Trump once seemed to understand how America had been taken to the cleaners during and after the Cold War. While allies supported us diplomatically, they piled up huge trade surpluses at our expense and became virtual free-riders off the U.S. defense effort.

No nations were more successful at this than South Korea and Japan. Now Xi is playing the game – and perhaps playing Trump.

What is the “North Korean problem” Beijing will help solve in return for more indulgent consideration on future U.S.-China trade deals?

North Korea’s nuclear arsenal. As 80 percent of Pyongyang’s trade comes through China, Trump believes that Beijing can force Kim to stop testing missiles and atomic bombs before he produces an intercontinental ballistic missile that could hit the U.S.

But what is to prevent Xi from pocketing Trump’s concessions and continuing on the strategic course China has long pursued?

For in many ways, Pyongyang’s goals parallel China’s.

Neither could want an all-out war on the Korean Peninsula. For Kim, this would devastate his country, bring down his regime and cost him his life. For China, war could mean millions of Koreans crossing the Yalu into Manchuria and a disruption of Beijing’s march to Asian hegemony.

A continuing crisis on the peninsula, however, with Trump and the U.S. relying on Beijing’s help, could leave Xi in the catbird seat.

And now that North Korea has declared its goal to be building missiles with nuclear warheads that could hit all U.S. bases in Asia – and even California – the clock is running for the White House.

“It won’t happen,” Trump has said of North Korea’s developing an ICBM that could hit the United States. “If China is not going to solve North Korea, we will.”

“The threat is upon us,” says outgoing deputy national security adviser K.T. McFarland. “This is something President Trump is going to deal with in the first year.”

Secretary of State Rex Tillerson and Vice President Mike Pence have declared that our policy of “strategic patience” with Pyonyang is at an end.

National Security Adviser H.R. McMaster said Sunday the U.S. has “to take action, short of armed conflict, so we can avoid the worst” in dealing with “this unpredictable regime.”

With a stunning parade of missiles in Pyongyang on Saturday, the North’s failed firing of a solid-fueled missile that same day and the promise of new missile tests weekly, Kim is forcing our hand.
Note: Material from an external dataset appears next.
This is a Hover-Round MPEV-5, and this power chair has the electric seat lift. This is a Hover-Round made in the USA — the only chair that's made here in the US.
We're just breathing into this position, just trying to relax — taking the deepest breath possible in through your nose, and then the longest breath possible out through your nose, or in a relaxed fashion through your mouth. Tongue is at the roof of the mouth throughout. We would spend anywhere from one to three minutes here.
Either he backs away from building atomic bombs and long-range missiles, or Trump and his generals must make good on their warnings.
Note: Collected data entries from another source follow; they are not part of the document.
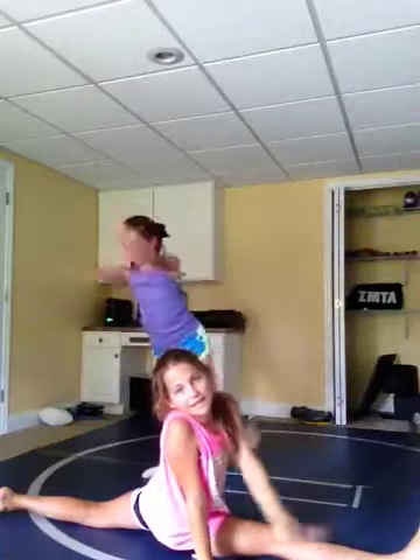Scorpion tutorial! First, you want to stretch out amazingly. Start with your splits — do this with us. Hold for about one minute. Originally you step into a fly with your right leg, so we want to do our right split so we can pull up our left scorpion.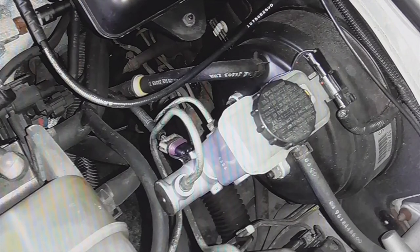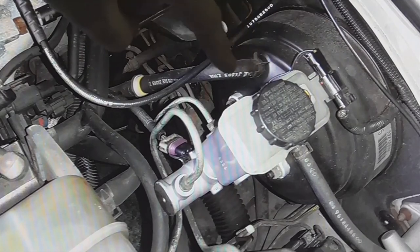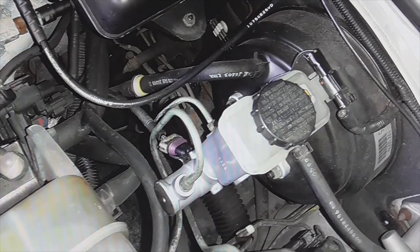That happens because the vacuum disappears. This is the brake booster — here the vacuum tube would enter, while the engine is running. There is no problem because it is sucking.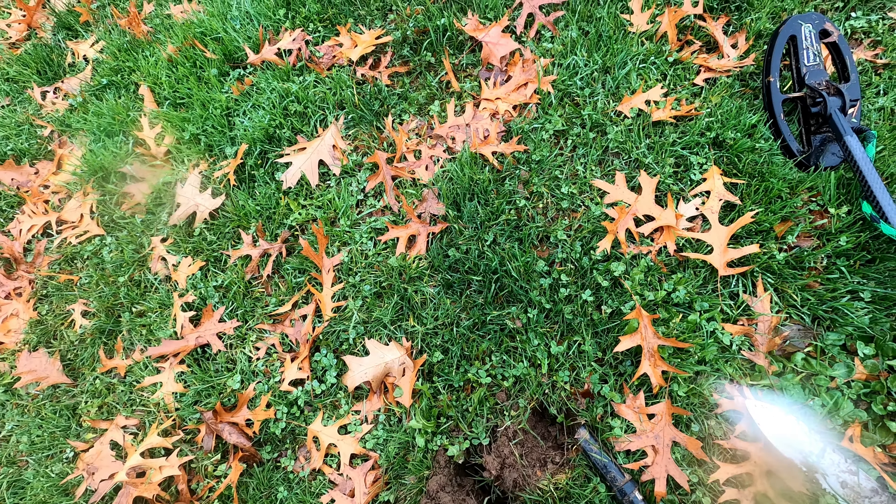All right, on to the next — getting a 79-80 here, let's see what this is, it's coming up pretty good. It's in this clump here. Looks like we got a dime — I'm gonna get silver. Oh, it's a regular old clad dime. Nice, getting a 78-58, kind of a jumpy tone right here.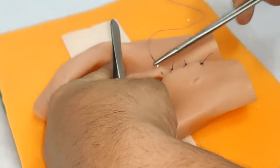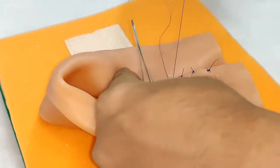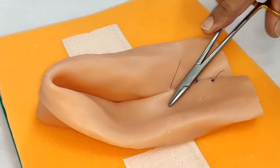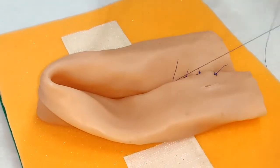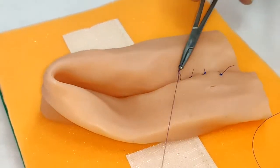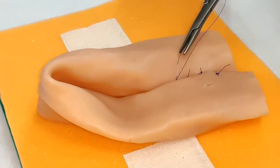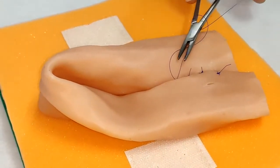These are seromuscular sutures for approximating the two loops. This will also act as a posterior layer of Lambert sutures.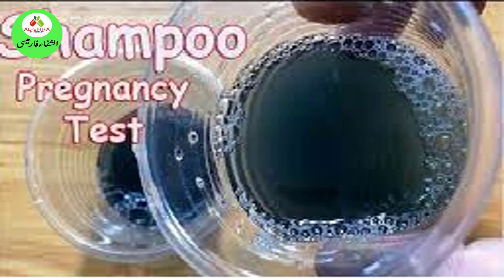7. Shampoo Test. Shampoos are also an everyday use item that people claim can reveal a pregnancy. Put two drops of urine in two drops of shampoo without mixing. If it creates any bubbles or becomes frothy, the test is positive. If nothing changes, the test is negative. You can try it out, but there is no proof of its effectiveness.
How did we get to this point?

Why, 64 years after the Korean War, a quarter-century after the Cold War, are we still obliged to go to war to defend South Korea from a North with one-half the South’s population and 3 percent of its gross domestic product?
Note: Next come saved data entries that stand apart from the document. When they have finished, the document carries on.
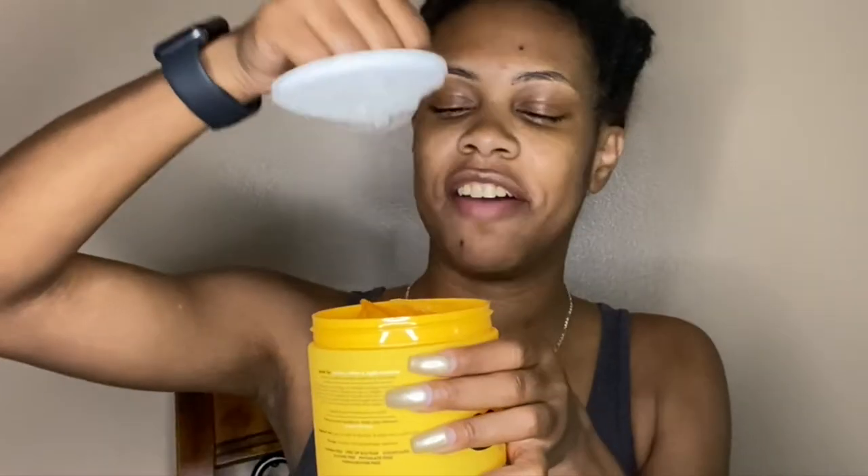Before I even put any of it on my hair, I'm going to do the palm test — or the hand test, or whatever it's called. So when you first open the gel, it has a little plastic seal on top; it definitely seems to be a thick gel. If you don't know the palm test, it's basically where you take some of the leave-in and some of the gel on your hands and mix them together to see if they blend well. I like to wet my hands first because I put my products on wet hair, so I feel like water has to be part of the test.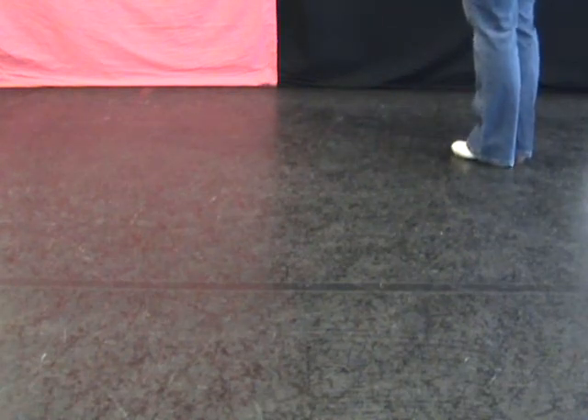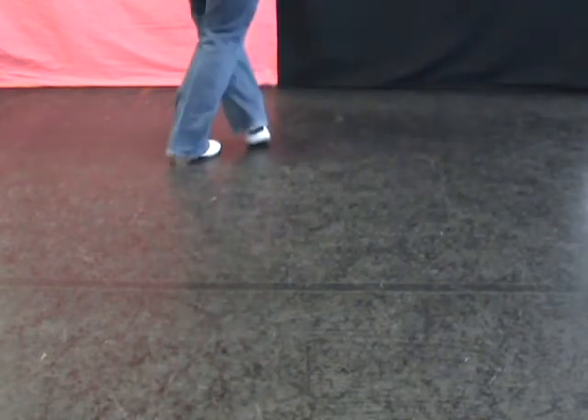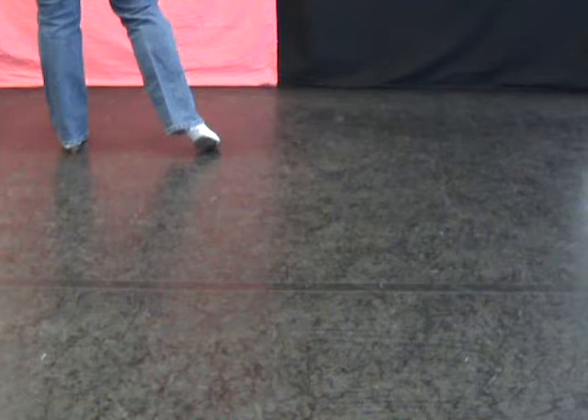An easy slider. Starts like a Kentucky drag. Double step, kick, step, step, step. Drag this foot across, step, rock step.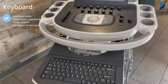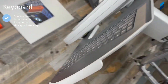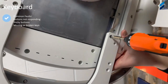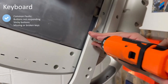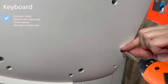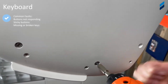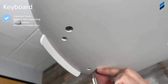We have the keyboard here — this is the QWERTY keyboard with all the alphanumeric characters that a sonographer would use to enter information into the machine. It slides out. Typically when these are failing, you'll see sticky buttons, buttons not responding, or with rough usage some keys are actually missing — we've seen that fairly often. We're going to go underneath where the rails are and take all the screws out underneath.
Why are we, on the far side of the Pacific, still responsible for containing North Korea when two of its neighbors – Russia and China – are nuclear powers and South Korea and Japan could field nuclear and conventional forces far superior to Kim’s?

How long into the future will containing militarist dictators in Pyongyang with nuclear missiles be America’s primary responsibility?

Another issue arises. Before the U.S. launches any pre-emptive strike on North Korea, Congress should be called back into session to authorize any act of war against the North.

Perhaps this time, Congress would follow the Constitution.

Though Korea is the crisis of the moment, it is not the only one.

Not since 9/11 have the Afghan Taliban been stronger or controlled more territory. The United States’ commanding general there is calling for thousands more U.S. troops. Russia and Iran are reportedly negotiating with the Taliban. Pakistan is said to be aiding them.

To counter Vladimir Putin’s Russia, we have moved U.S. and NATO troops into Poland, the Baltic States, Romania and Bulgaria. We have fired missiles into Syria. We are reportedly preparing to back the Saudis in the latest escalation of their war on the Houthi rebels in Yemen.

Twenty-four years after “Black Hawk Down,” the weekend brought reports of U.S. troops returning to Somalia.

The promise of a Trump presidency – that we would start looking out for our own country and own national interests first and let the rest of the world solve, or fail to solve, its own problems – appears, not 100 days in, to have been a mirage.

Will more wars make America great again?